By leveraging ServiceNow Stream Connect for Apache Kafka, customers can seamlessly integrate Kafka event streaming into their ServiceNow workflows, enhancing automation, data synchronization, and operational efficiency across their enterprise systems.
Connect your Apache Kafka environment to your ServiceNow instance with ServiceNow® Stream Connect for Apache Kafka.
Apache Kafka is a distributed event-streaming platform that provides a unified way to exchange data across multiple systems. Stream Connect for Apache Kafka links your Kafka environment to your ServiceNow instance, enabling you to stream data between your instance and your external systems.
Benefits
Publish and process Kafka events at scale. Publish events to your Kafka environment from your ServiceNow instance and consume Kafka events from your external systems at a high volume with low latency.
- Build flows that produce and consume Kafka events.

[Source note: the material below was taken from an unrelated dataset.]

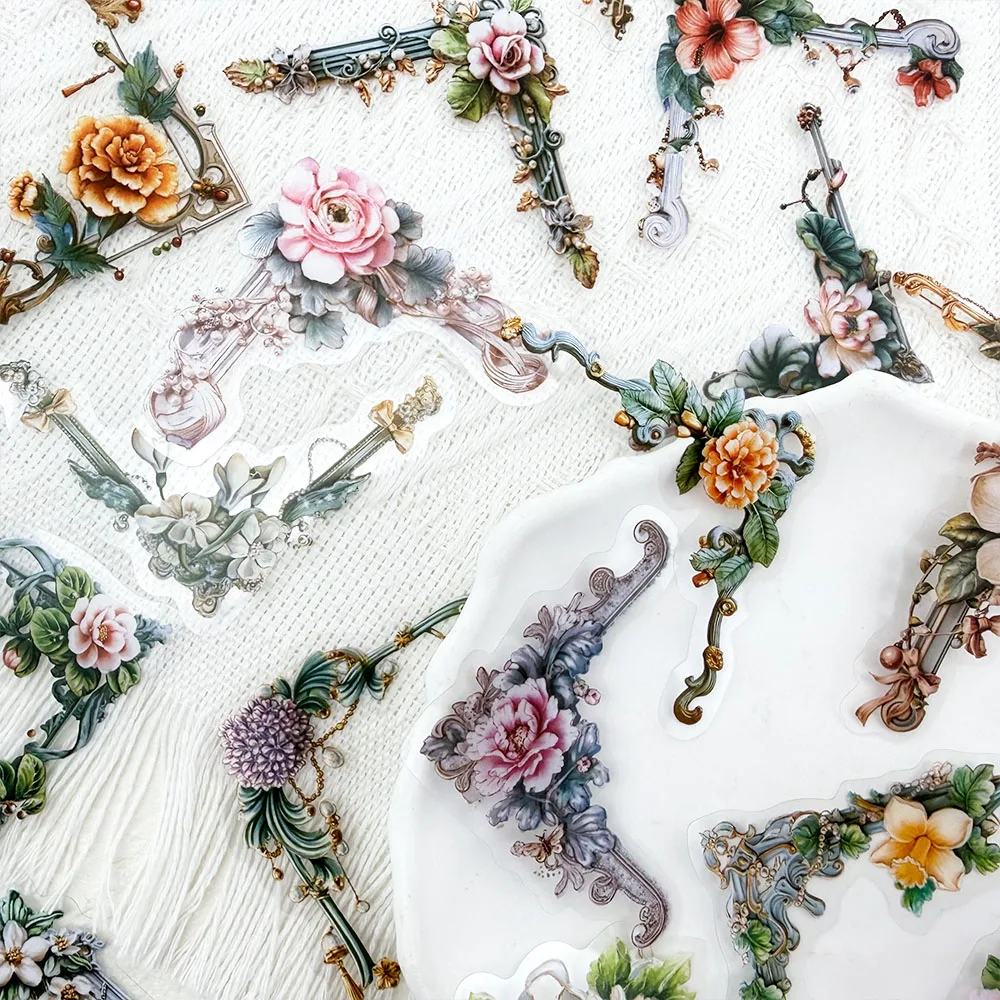 50 stücke Retro Blume Rahmen PET Aufkleber Aufkleber Für Telefon Laptop Notebook Kühlschrank Gitarre DIY Ästhetische Transparente Aufkleber – Detail 12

Stream Connect is integrated with Workflow Studio, providing a low-code way to publish and process Kafka messages.
- Import data from your Kafka environment and process that data using your existing Robust Transform Engine (RTE) or transform map configurations.
- Configure a consumer that uses your own scripts to process data from a Kafka topic.
- Monitor your consumers' performance with detailed reporting of statistics and performance metrics.
Components
Stream Connect has the following components.
- Producers
A producer publishes events to a Kafka environment. Stream Connect has two producers.
- Kafka Producer step in Workflow Studio
- ProducerV2 API
- Consumers
A consumer reads and processes events from a Kafka environment. Stream Connect has several consumers.
- Kafka Message trigger in Workflow Studio
- Extract Transform Load (ETL) Consumer
- Transform Map Consumer
- Script Consumer
- Topics and topic namespaces
Events are organized and stored in topics. A topic stores events of the same type. Topics are partitioned. Events have a key. Events with the same key are stored in the same partition.
Topics link to a topic namespace. You can use namespaces to organize topics in logical ways. For example, you can group topics together based on which Kafka cluster they come from. You can also use namespaces to configure which domains can access which topics on a domain-separated instance. For more information, see Managing namespaces and topics in Hermes.
- Subscriptions
A subscription is a record associated with a consumer. It stores configuration information about the consumer, such as the name of the Kafka topic to consume messages from and the number of partitions the topic has. The subscription record is created when a Kafka stream is activated.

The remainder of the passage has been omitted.